Yesterday I was contacted by another of Deep Sea Productions staff members (Björn Hagberg). SVT want them to make a documentary on the underwater caves along the Quintana Roo coast in Mexico. They will interview me about the Maya and their relation to caves.

These underwater caves are fascinating formations and they reveal some interesting archaeological data. Since they now are filled with seawater it means that they were formed when the sea level was much lower than today (during the Late Ice Age). Remains of humans, ancient fire places and extinct terrestrial animals such as giant sloths, elephants, camelids, giant armadillos and horses located within horizontal passages (and not under a vertical passage) are likely very old. The later Maya deposited objects from the surface into the vertical passages (cenotes).

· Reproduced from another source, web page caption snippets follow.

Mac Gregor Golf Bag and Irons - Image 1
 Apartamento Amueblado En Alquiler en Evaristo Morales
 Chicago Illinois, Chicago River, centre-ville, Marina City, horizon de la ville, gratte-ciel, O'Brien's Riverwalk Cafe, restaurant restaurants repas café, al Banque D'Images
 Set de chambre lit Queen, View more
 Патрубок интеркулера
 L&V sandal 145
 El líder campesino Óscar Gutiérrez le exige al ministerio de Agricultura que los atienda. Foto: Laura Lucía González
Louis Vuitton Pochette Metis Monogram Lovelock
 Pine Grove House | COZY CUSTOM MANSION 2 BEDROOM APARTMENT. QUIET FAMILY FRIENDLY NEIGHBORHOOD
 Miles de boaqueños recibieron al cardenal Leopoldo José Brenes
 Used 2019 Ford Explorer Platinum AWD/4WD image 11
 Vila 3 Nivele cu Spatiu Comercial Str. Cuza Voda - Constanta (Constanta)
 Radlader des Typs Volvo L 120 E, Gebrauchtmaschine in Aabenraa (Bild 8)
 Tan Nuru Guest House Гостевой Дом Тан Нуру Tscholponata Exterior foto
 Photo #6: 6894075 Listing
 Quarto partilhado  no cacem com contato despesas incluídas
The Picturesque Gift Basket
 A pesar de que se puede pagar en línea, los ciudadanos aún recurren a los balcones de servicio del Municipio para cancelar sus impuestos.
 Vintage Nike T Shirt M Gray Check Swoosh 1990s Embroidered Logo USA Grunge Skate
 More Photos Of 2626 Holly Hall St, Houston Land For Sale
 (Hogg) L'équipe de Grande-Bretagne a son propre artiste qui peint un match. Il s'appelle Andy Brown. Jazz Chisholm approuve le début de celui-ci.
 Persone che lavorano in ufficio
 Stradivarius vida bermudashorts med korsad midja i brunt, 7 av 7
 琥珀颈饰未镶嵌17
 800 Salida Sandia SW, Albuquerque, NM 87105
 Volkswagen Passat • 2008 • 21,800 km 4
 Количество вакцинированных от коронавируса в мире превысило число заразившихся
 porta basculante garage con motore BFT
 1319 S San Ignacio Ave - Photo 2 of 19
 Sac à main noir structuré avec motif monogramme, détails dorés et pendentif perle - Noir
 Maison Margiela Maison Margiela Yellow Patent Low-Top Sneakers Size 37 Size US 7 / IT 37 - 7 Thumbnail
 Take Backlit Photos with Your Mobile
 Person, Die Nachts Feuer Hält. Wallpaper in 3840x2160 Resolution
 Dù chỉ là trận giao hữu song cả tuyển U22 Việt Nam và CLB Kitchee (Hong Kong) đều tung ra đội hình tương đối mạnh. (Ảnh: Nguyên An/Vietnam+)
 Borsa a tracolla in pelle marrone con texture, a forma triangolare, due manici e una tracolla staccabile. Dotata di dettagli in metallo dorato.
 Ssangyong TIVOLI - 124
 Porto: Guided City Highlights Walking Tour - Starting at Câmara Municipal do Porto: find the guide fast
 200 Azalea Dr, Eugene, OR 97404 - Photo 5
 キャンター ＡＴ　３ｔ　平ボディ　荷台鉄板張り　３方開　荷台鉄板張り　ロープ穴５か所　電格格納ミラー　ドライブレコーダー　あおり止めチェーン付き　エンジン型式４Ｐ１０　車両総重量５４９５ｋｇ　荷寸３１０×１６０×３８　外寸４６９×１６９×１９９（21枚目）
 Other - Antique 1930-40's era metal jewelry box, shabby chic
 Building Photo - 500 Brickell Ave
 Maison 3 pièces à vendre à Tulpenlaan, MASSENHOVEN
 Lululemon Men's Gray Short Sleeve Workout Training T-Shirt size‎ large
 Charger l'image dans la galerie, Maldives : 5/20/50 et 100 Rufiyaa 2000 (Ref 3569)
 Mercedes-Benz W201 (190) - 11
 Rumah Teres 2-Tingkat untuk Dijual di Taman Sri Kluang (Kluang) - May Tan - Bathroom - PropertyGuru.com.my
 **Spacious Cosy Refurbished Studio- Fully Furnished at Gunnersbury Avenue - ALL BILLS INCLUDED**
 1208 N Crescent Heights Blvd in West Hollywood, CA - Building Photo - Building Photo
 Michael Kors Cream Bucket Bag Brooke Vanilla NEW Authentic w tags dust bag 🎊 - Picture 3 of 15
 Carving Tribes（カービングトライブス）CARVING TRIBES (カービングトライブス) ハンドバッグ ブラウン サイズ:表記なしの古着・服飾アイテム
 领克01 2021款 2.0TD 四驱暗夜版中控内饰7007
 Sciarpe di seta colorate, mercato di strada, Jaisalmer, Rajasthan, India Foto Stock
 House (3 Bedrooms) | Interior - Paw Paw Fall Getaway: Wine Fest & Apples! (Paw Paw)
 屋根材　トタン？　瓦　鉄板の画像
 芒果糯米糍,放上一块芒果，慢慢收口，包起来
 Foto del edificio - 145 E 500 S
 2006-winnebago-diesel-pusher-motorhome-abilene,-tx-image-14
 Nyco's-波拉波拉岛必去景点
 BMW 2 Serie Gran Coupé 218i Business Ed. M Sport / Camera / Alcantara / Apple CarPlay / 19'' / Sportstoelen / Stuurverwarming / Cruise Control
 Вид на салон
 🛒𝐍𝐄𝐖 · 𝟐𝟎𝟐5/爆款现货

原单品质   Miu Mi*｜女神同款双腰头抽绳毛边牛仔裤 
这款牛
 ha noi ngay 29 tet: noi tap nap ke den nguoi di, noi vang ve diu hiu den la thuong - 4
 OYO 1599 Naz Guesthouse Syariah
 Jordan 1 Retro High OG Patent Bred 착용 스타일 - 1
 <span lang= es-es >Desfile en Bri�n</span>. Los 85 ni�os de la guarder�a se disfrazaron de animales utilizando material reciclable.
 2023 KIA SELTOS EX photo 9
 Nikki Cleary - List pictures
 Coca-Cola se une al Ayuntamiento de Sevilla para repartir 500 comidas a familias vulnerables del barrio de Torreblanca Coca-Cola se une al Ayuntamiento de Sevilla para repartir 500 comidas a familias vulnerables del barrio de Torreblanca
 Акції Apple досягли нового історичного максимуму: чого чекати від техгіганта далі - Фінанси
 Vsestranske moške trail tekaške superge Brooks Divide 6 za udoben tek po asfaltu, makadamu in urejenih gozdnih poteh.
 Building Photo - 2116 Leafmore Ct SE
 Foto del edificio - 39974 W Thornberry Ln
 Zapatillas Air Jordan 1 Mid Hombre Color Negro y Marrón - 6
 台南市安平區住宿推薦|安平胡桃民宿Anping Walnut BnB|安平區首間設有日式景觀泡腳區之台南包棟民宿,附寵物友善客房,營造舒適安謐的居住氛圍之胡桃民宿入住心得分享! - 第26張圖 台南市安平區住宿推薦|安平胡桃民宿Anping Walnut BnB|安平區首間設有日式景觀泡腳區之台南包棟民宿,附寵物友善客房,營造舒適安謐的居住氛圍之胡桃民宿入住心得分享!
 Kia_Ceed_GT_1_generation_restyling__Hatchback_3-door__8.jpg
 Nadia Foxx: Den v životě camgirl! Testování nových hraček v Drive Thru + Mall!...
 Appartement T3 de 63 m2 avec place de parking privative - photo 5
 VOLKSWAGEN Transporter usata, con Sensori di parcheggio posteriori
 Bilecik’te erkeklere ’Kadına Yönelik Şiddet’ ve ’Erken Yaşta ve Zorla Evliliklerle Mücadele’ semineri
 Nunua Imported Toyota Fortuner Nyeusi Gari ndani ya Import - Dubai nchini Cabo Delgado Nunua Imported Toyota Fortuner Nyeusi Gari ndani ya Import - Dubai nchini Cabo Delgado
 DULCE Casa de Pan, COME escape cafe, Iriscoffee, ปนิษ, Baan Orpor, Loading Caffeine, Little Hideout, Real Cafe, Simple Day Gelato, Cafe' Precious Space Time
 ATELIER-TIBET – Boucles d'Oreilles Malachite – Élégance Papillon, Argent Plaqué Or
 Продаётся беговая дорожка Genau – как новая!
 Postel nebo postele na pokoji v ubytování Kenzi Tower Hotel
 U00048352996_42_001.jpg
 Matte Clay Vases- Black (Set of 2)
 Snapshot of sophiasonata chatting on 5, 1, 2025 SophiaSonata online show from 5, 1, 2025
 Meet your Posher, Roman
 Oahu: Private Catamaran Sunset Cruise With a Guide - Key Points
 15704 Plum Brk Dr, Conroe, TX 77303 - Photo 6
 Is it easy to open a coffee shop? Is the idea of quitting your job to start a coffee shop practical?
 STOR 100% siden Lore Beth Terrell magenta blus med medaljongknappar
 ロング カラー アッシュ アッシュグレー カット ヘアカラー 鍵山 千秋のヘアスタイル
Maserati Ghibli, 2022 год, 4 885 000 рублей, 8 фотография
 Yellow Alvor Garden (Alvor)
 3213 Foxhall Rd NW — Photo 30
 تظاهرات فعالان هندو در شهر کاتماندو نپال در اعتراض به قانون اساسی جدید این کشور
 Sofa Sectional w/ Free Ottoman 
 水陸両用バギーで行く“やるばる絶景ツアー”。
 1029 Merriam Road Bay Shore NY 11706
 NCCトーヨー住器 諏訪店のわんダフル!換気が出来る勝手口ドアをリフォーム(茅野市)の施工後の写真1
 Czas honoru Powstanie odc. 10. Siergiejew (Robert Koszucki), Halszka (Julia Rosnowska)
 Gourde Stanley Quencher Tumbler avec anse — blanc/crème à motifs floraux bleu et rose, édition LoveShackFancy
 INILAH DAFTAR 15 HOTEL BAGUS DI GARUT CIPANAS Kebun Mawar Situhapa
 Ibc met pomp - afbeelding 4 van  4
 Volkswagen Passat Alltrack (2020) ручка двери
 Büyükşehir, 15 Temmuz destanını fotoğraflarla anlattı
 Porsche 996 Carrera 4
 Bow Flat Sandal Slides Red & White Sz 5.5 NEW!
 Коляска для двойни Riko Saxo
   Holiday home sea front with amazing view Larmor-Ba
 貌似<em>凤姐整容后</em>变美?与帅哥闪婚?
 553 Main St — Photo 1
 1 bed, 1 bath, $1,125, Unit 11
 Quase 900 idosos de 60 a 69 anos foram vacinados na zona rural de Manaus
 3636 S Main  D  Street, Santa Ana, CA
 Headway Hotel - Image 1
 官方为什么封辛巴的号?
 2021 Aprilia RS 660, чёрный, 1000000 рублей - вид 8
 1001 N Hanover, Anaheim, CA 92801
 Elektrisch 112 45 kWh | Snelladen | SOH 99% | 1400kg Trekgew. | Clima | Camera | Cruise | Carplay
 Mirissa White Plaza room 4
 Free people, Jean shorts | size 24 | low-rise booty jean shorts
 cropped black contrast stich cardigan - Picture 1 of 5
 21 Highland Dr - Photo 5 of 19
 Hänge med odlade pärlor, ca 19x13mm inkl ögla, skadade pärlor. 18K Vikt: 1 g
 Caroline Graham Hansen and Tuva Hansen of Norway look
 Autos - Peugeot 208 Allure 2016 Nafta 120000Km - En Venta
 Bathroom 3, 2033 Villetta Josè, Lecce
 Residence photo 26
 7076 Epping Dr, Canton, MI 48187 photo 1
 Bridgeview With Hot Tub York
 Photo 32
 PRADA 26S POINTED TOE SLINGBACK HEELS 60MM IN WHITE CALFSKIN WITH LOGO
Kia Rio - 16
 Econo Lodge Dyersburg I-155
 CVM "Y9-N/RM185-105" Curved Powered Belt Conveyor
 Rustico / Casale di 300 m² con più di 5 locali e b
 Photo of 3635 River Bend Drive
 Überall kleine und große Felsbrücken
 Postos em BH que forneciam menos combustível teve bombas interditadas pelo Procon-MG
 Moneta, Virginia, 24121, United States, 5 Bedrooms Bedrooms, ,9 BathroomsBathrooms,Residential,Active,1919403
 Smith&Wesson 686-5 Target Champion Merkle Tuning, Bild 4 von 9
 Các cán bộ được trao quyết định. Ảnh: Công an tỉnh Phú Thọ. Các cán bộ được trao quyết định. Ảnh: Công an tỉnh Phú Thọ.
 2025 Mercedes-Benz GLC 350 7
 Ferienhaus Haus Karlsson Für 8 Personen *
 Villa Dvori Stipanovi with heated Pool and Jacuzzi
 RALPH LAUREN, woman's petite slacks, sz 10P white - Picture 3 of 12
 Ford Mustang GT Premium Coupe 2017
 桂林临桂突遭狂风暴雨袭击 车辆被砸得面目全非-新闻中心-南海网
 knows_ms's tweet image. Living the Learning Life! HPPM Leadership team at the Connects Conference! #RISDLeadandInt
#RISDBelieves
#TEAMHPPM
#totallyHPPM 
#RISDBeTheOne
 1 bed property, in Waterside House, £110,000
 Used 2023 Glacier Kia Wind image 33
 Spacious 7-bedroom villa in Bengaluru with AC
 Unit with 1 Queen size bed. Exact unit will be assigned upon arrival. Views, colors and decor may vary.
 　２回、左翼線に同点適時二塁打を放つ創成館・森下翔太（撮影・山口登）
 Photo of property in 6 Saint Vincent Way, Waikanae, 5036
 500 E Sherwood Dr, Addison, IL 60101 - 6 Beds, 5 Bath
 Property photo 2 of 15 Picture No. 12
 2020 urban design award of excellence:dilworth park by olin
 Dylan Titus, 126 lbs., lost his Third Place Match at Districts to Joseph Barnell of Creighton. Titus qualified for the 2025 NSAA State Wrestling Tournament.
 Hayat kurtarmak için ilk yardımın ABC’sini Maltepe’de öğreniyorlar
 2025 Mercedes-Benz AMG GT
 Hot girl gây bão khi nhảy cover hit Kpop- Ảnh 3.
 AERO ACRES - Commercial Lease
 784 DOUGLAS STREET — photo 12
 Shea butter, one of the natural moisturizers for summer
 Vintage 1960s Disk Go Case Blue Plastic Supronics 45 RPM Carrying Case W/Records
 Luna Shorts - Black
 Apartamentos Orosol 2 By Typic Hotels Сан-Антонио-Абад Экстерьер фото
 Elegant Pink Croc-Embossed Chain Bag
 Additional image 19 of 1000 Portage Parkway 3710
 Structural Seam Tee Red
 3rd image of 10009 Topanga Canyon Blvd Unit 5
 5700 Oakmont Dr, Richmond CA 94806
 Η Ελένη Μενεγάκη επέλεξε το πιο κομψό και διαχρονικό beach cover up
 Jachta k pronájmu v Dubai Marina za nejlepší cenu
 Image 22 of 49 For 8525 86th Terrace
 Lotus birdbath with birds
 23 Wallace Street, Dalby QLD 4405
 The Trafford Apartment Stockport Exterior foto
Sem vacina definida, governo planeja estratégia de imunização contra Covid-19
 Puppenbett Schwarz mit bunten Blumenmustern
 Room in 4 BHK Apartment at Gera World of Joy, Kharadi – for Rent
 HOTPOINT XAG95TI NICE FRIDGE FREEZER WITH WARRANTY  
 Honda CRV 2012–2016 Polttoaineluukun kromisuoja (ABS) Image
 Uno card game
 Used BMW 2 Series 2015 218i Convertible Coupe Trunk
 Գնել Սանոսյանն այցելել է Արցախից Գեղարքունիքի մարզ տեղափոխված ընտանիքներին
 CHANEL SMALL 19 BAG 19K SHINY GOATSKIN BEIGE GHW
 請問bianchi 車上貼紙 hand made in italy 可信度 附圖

National Geographic has reported on a female skeleton dubbed Eva de Naharon found near Tulum which is believed to be 13,600 years old. At least three other skeletons (roughly dated to between 11,000 to 14,000 years BP) have been found in such caves along the Caribbean coast of Mexico. Minerals in seawater can alter the 14C content of bones so the dating is problematic. However, since the remains were found 15 m below sea level they must have ended up at the present location long before the sea level rose due to the melting of polar ice caps 8-9,000 years ago. If the dating of her skeleton is accurate the sea level was 60-100 m lower than today. At that time the Yucatan peninsula was a dry prairie.

Eva’s skull indicates that her ancestors may have arrived from South Asia rather than North Asia and this of course is a problem for the Bering Strait migration hypothesis. There is even another skeleton found in the Chan Hol cave that may be older than Eve. These skeletons bear no resemblance to the Maya who live in the area today.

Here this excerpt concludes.